We don’t like being told we don’t measure up, meet the standards or that we have failed.

The problems in our society have roots in our individualisation of people. We are told we can do anything we want, if it feels right then do it, and that we are all valuable, special and have rights.

But what happens when you live by your feelings is that if you don’t feel like it then you don’t do it or don’t put in any effort to do it well. If we feel hurt then we think the person who has hurt our feelings must be in the wrong. We think it is what matters to us is more important than what happens for the good of others.

A local school has a motto “Non Sibi Sed Aliis” which means not for myself but for others.

When we are criticised, told off or disciplined so many people get cross, indignant and defensive. The cry of children “it wasn’t me, it wasn’t my fault” has become the mantra of adults in the workplace, in the home and in society at large.

Defending ourselves and being indignant takes up a lot of time and energy. It causes us stress and leads to complaining and gossiping. It takes up an awful lot of our time, preparing argument, reasons for why it isn’t our fault and counter criticisms that we can throw back at others.
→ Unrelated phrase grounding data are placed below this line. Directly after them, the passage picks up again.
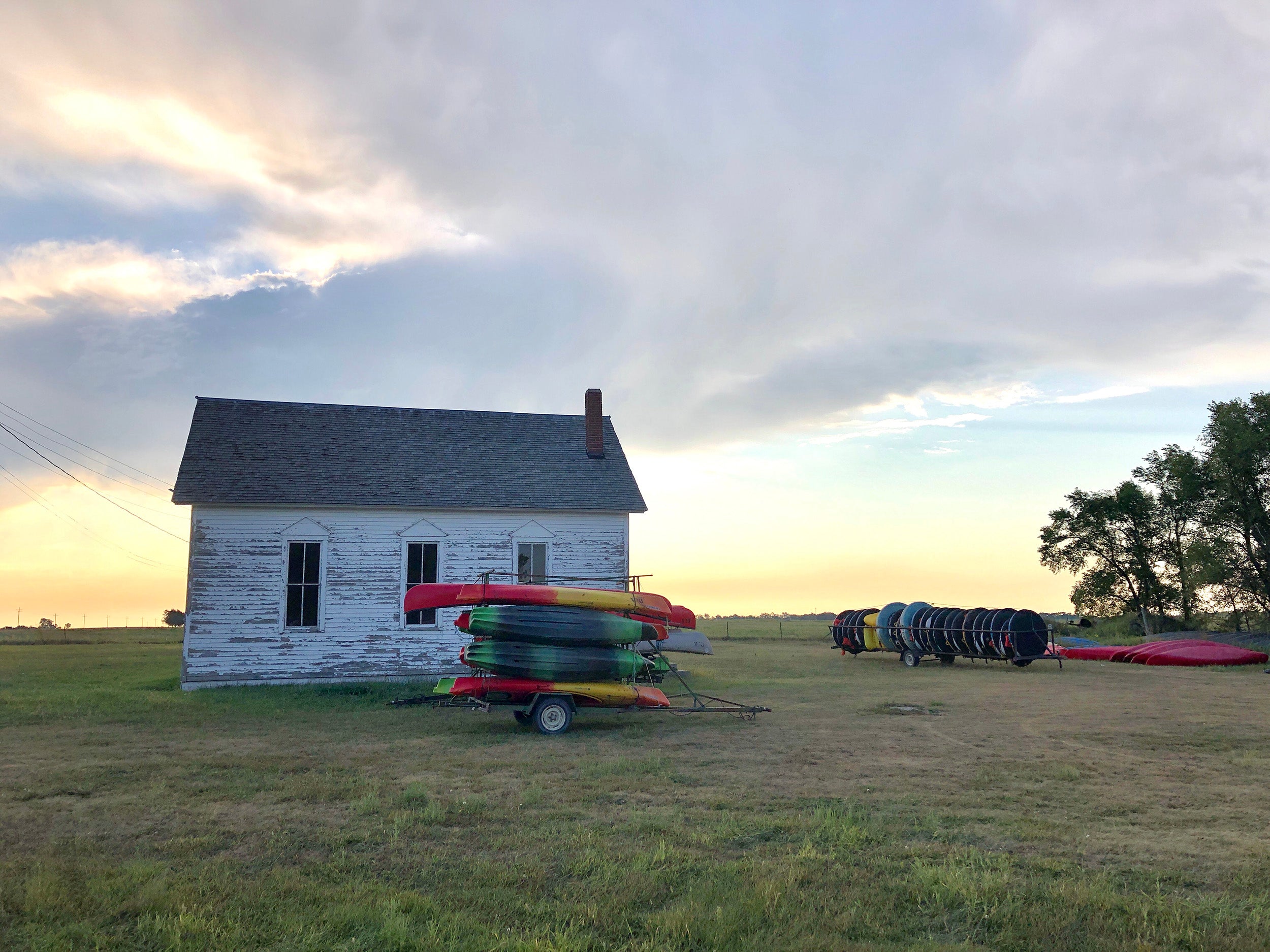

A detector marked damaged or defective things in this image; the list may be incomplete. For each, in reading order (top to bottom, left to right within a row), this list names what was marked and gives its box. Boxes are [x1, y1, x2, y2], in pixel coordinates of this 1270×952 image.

peeling white paint siding [183, 508, 630, 696]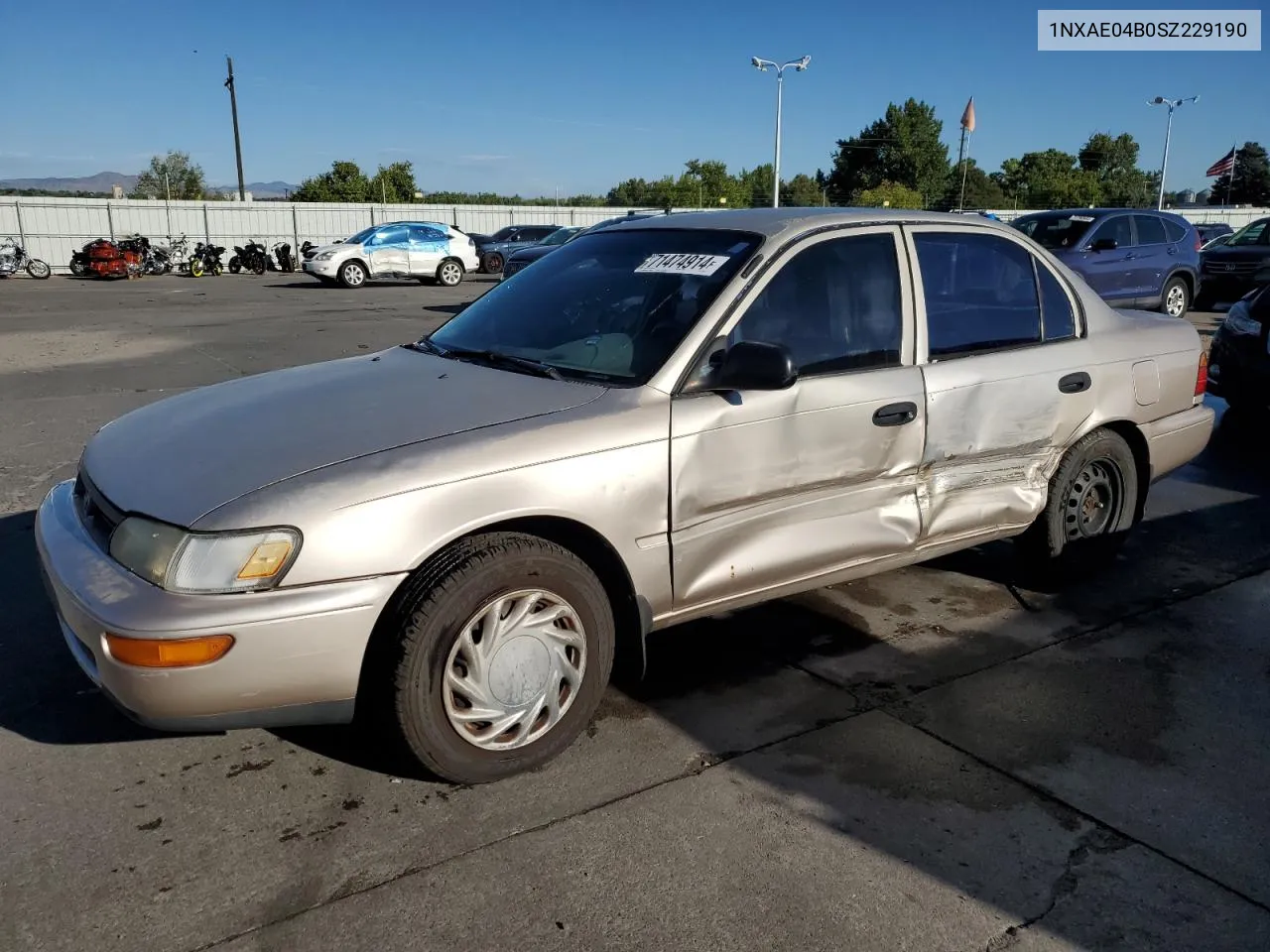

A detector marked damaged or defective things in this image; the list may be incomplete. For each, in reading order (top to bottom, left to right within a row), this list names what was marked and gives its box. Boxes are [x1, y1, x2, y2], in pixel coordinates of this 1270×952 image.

damaged silver sedan [35, 212, 1214, 785]
dented door panel [671, 369, 929, 607]
dented door panel [917, 339, 1095, 539]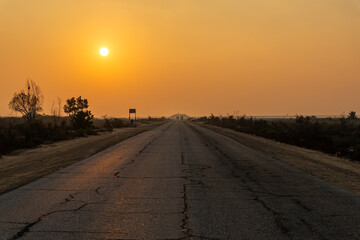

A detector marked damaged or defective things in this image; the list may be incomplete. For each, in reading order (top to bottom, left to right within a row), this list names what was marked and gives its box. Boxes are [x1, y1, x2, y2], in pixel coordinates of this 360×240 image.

cracked asphalt road [0, 121, 360, 239]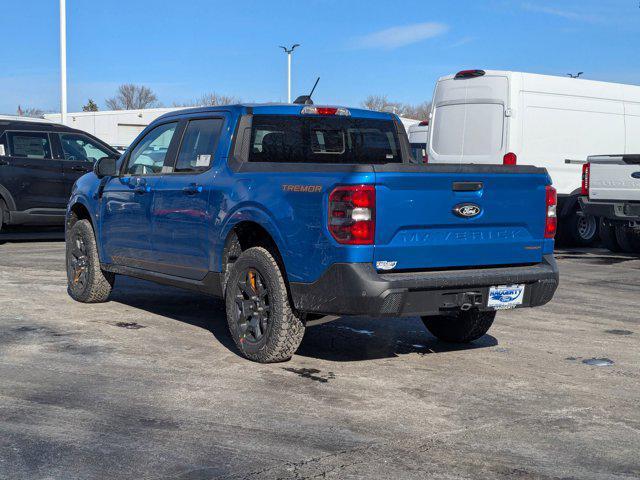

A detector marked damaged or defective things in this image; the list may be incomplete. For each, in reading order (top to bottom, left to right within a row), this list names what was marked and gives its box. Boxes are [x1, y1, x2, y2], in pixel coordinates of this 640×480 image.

cracked pavement [0, 242, 636, 478]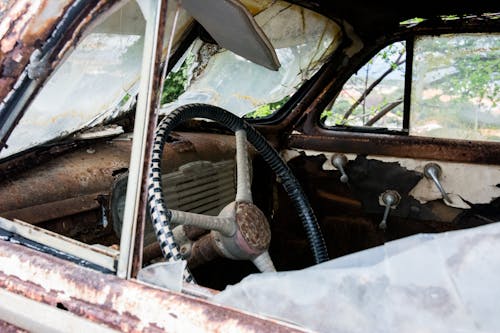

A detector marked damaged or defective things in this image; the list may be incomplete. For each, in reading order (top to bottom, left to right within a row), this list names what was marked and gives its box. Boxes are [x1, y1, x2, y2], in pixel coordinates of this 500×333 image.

shattered glass [162, 0, 342, 117]
rusty metal surface [0, 132, 237, 223]
rusty metal surface [288, 132, 500, 164]
rusty metal surface [0, 240, 308, 330]
rusty dashboard panel [0, 240, 308, 330]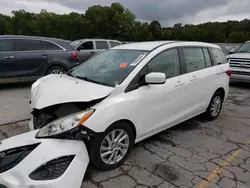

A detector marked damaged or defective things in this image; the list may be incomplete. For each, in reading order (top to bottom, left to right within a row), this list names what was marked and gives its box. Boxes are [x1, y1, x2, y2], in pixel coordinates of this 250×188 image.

broken headlight [36, 108, 95, 138]
crumpled hood [30, 73, 114, 108]
damaged white car [0, 41, 230, 188]
broken front bumper [0, 130, 90, 187]
detached bumper piece [0, 131, 90, 188]
damaged front fender [0, 131, 90, 188]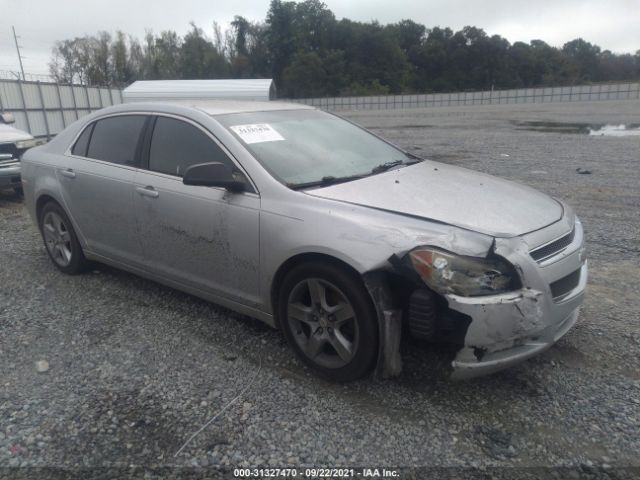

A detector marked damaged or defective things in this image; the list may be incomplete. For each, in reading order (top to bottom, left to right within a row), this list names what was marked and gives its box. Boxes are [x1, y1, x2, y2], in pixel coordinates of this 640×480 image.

exposed wheel well [272, 253, 364, 328]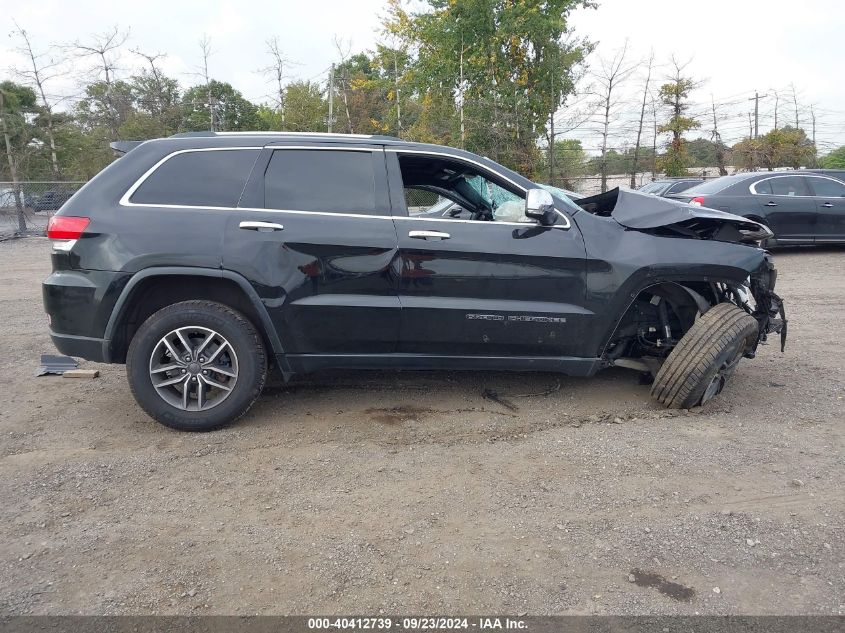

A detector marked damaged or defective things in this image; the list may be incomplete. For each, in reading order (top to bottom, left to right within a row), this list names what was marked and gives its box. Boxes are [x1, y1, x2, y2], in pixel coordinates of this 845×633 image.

collapsed front wheel [126, 300, 268, 430]
collapsed front wheel [648, 302, 760, 410]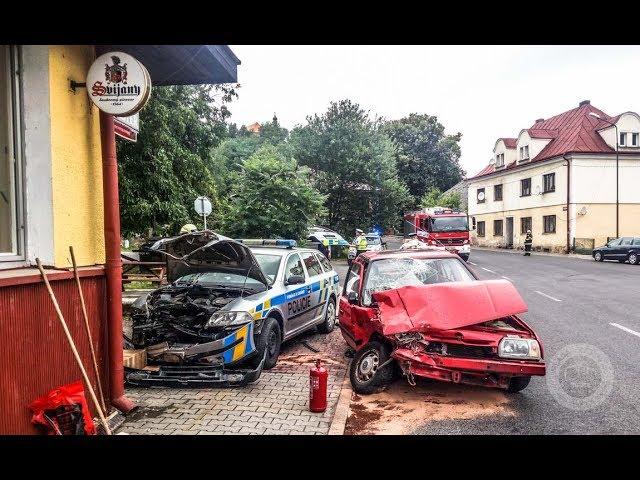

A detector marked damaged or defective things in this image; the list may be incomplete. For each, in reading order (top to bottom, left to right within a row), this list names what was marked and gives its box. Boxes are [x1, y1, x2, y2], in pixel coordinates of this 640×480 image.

crumpled hood [146, 229, 268, 284]
damaged police car [127, 231, 342, 388]
shattered windshield [362, 258, 472, 304]
crashed red car [340, 248, 544, 394]
crumpled hood [372, 280, 528, 336]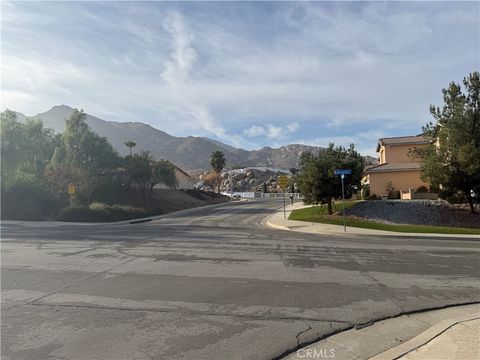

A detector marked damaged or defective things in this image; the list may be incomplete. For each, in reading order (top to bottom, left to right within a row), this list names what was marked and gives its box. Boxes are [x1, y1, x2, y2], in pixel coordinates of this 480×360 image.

cracked pavement [0, 201, 480, 358]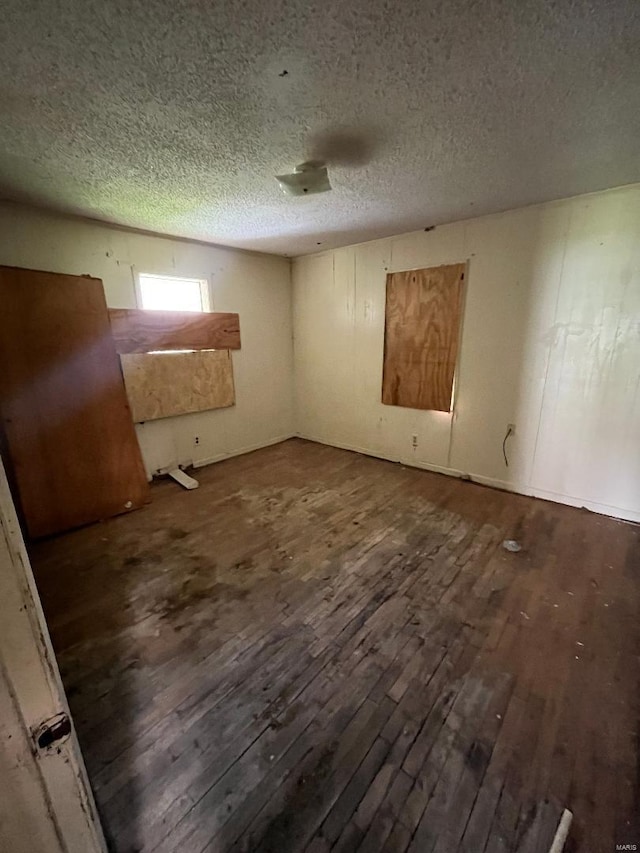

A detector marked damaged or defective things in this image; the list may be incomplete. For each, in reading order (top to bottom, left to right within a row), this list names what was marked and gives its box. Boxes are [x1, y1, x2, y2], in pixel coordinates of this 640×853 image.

damaged wall [0, 202, 294, 476]
damaged wall [294, 183, 640, 524]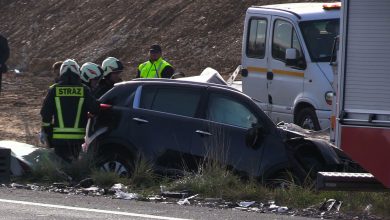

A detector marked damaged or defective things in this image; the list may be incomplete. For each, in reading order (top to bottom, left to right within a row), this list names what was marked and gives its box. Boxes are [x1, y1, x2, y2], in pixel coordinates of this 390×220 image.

We become anxious, ill and tired. We don’t feel valued and can constantly feel under threat.

It happens in families, between friends, in the workplace, in government…and in our places of worship.

How many people have left marriages, families, jobs, churches because they feel that they can’t take the criticism, that they are being unfairly treated, overlooked, persecuted?

Our obsession with defending ourselves at all cost means it becomes difficult to sort out the real unfair criticism and bullying from the truth that our actions are not up to standard or helpful to others. (And I am not talking about that kind of criticism in this post) Or maybe we are the one who criticises and judges others? Maybe we are fed up of others being defensive and negative at whatever we say to them? Maybe we judge others so harshly that if they don’t measure up to our expectations we think they are useless, worthless and we don’t want to know them any more?

Non Sibi Sed Aliis – not for myself but for others….

Nurse Holding Elderly Patient's Hand

One simple but possibly impossible solution is for us to develop a culture where it is okay to fail…but not to give up.

This means thinking of the greater good and accepting criticism…and that it is okay. Even writing this makes me take in my breath. I have been subject to criticism a lot in my job and in my marriage, as a parent and as a part of my church…but actually…often this criticism has been correct. I don’t always meet the standards expected of me at work. I am sometimes unfair to my family and fail in my parenting techniques. I do say the wrong thing to people and let them down, I also judge others and criticise them with the same criticisms leveled at me…don’t you?

And still I HATE being criticised. I often think it is being unfair and that I have a good defense. But really, if I think about it, mostly the person telling me off loves or respects me and is just pointing something out that is harming them or myself and our relationship.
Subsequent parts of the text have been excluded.